Bermuda–United States relations
- Bermuda: United States

= Bermuda–United States relations =

The United Kingdom is formally responsible for Bermuda's foreign and defense policy. American policy toward the United Kingdom is the basis of US–Bermudian relations. In the early 20th century, as modern transportation and communication systems developed, Bermuda became a popular destination for wealthy American, British, and Canadian tourists. While the tariff enacted in 1930 by the US against its trading partners ended Bermuda's once-thriving agricultural export trade – primarily fresh vegetables to the US, it helped spur the overseas territory to develop its tourist industry, which is second only to international business in terms of economic importance to the island.

==History==
During World War II, Bermuda became a significant United States Armed Forces site because of its location in the Atlantic Ocean. In 1941, the US signed a lend-lease agreement with the UK giving the British surplus US Navy destroyers in exchange for 99-year lease rights to establish naval and air bases in Bermuda. The bases consisted of 5.8 km2 of land largely reclaimed from the sea. The US Naval Air Station was on St. David's Island, while the US Naval Air Station Annex was at the western end of the island in the Great Sound.

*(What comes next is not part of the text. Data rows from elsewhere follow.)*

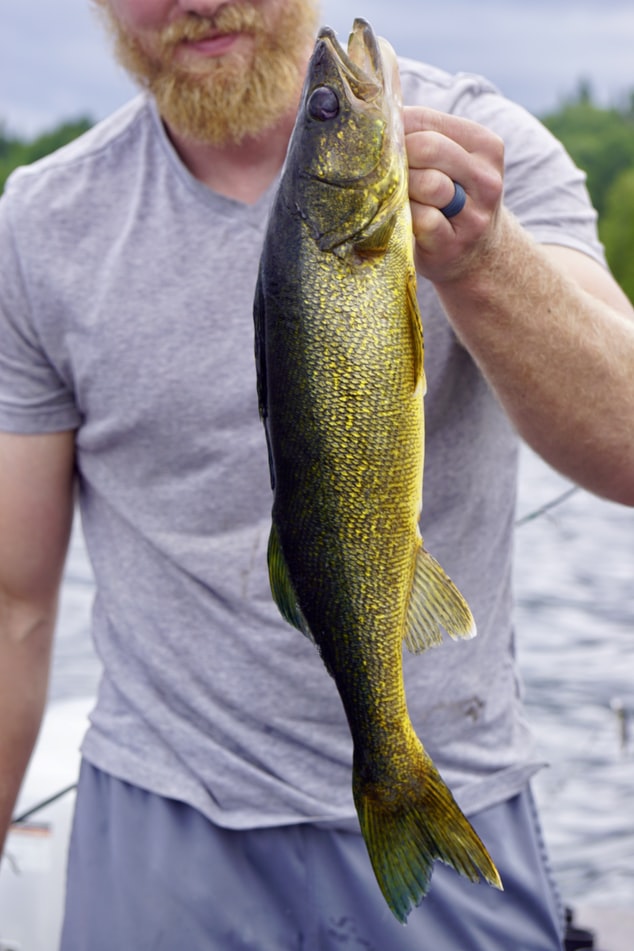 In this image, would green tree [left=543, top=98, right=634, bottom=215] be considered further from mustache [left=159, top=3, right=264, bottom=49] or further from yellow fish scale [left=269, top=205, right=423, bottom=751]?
yellow fish scale [left=269, top=205, right=423, bottom=751]

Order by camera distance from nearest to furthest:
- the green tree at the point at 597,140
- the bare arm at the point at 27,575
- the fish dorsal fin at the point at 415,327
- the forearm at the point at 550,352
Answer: the fish dorsal fin at the point at 415,327 < the forearm at the point at 550,352 < the bare arm at the point at 27,575 < the green tree at the point at 597,140

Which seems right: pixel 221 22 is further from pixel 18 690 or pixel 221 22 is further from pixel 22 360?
pixel 18 690

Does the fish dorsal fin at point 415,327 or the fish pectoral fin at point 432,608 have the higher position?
the fish dorsal fin at point 415,327

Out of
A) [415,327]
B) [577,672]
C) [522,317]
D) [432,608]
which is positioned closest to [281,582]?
[432,608]

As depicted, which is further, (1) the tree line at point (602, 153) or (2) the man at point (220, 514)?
(1) the tree line at point (602, 153)

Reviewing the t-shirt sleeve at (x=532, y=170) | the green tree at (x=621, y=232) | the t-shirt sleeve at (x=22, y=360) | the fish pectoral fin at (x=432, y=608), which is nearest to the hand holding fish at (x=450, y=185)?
the fish pectoral fin at (x=432, y=608)

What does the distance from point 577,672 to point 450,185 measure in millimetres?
10848

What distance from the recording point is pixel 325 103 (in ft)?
6.01

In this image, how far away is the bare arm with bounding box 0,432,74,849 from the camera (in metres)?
2.90

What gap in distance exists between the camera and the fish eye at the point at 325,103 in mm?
1831

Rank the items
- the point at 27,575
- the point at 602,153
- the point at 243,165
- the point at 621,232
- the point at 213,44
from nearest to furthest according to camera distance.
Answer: the point at 213,44 < the point at 243,165 < the point at 27,575 < the point at 621,232 < the point at 602,153

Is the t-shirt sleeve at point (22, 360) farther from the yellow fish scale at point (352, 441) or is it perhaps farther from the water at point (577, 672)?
the water at point (577, 672)

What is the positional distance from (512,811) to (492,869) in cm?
90

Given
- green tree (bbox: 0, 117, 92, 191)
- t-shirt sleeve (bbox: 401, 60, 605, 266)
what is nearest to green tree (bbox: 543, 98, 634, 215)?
green tree (bbox: 0, 117, 92, 191) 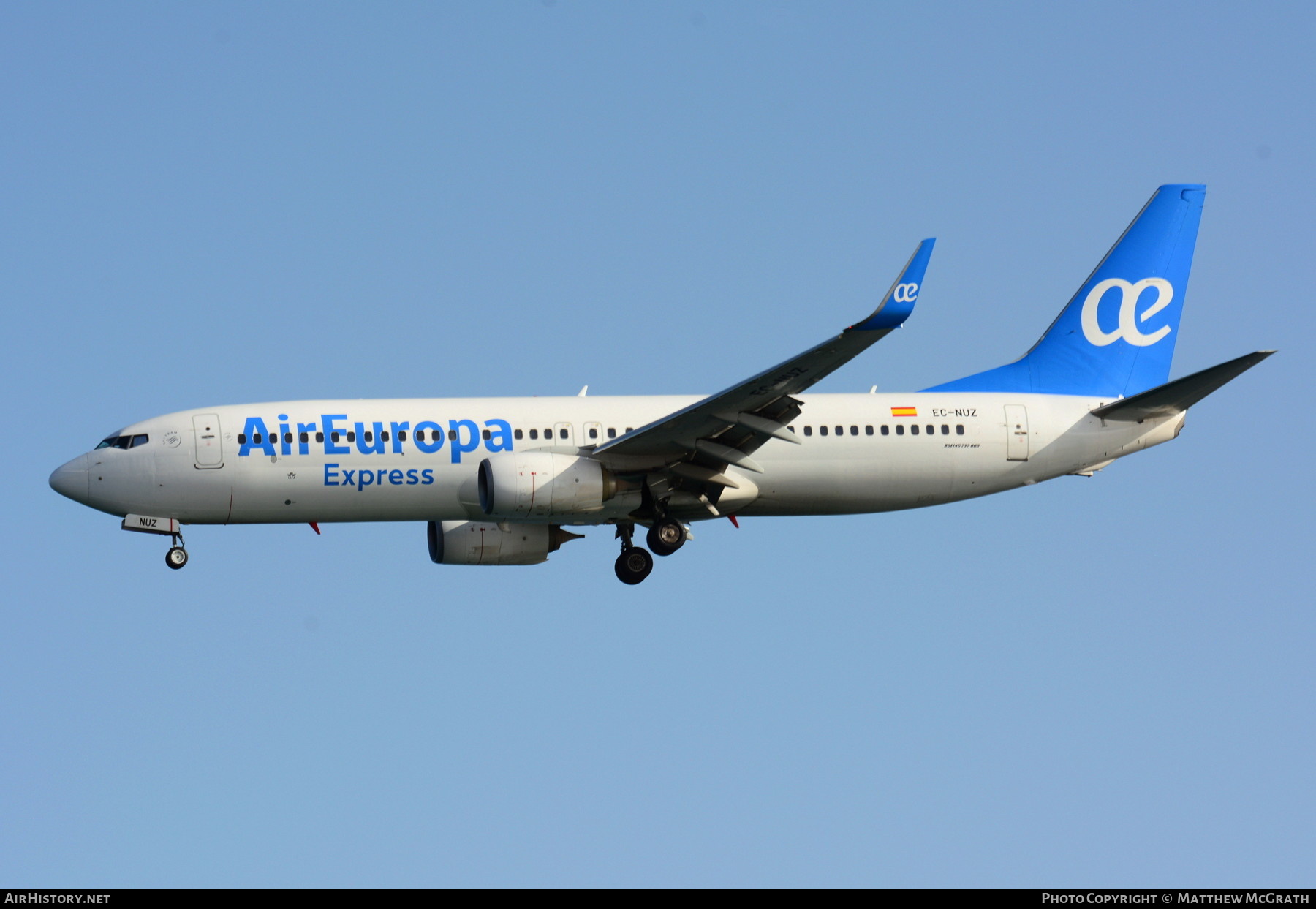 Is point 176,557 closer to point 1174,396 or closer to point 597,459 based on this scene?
point 597,459

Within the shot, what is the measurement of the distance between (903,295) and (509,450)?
9.74 m

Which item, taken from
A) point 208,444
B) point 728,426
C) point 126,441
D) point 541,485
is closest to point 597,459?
point 541,485

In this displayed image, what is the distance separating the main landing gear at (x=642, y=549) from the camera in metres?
33.7

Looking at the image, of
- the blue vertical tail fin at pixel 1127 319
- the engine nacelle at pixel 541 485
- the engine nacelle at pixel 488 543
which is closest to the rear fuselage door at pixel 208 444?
the engine nacelle at pixel 488 543

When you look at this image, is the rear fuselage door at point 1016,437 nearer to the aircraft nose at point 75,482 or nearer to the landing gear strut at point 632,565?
the landing gear strut at point 632,565

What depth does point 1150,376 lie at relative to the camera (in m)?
37.6

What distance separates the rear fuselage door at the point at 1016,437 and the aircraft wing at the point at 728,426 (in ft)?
16.0

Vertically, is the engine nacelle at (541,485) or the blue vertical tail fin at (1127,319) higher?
the blue vertical tail fin at (1127,319)

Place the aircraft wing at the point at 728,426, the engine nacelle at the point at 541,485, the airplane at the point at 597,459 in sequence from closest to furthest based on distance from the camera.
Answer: the aircraft wing at the point at 728,426, the engine nacelle at the point at 541,485, the airplane at the point at 597,459

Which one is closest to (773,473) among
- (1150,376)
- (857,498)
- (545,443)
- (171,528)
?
(857,498)

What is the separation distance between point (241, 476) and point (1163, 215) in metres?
21.6

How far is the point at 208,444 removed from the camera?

Both bases were closed in September 1995 (as were British and Canadian bases), and the lands were formally returned to the Government of Bermuda in 2002.

The Government of Bermuda has begun to pursue some international initiatives independent of the UK in recent years.

An estimated 8,500 US citizens live in Bermuda, many employed in the international business community. Many American businesses are also incorporated in Bermuda, although no figures are available. Despite the trend of American companies moving to Bermuda or other offshore jurisdictions to escape US taxes, Bermuda maintains that the island is not a "tax haven" and that it taxes both local and foreign businesses equally.

While US visitors to Bermuda are critical to the island's tourism industry, the number of US visitors to Bermuda is declining. In 2006 only 76% of air arrivals originated from the US compared to 83.9% in 1990. The number of air and cruise passengers from the US totaled 464,000 in 2000. That number fell to 451,924 American passengers in 2006, however in 2023, this figure is 625,000.

In 2005, 74% of Bermuda's imports came from the US. Areas of opportunity for US investors are in the re-insurance and financial services industries, although the former US base lands may also present long-term investment opportunities. In 2023, that number has increased to 80%.

==Principal US Officials==
- Consul General – Karen Grissette

==Diplomatic missions==
The US Consulate General is located just outside Hamilton, the capital of Bermuda.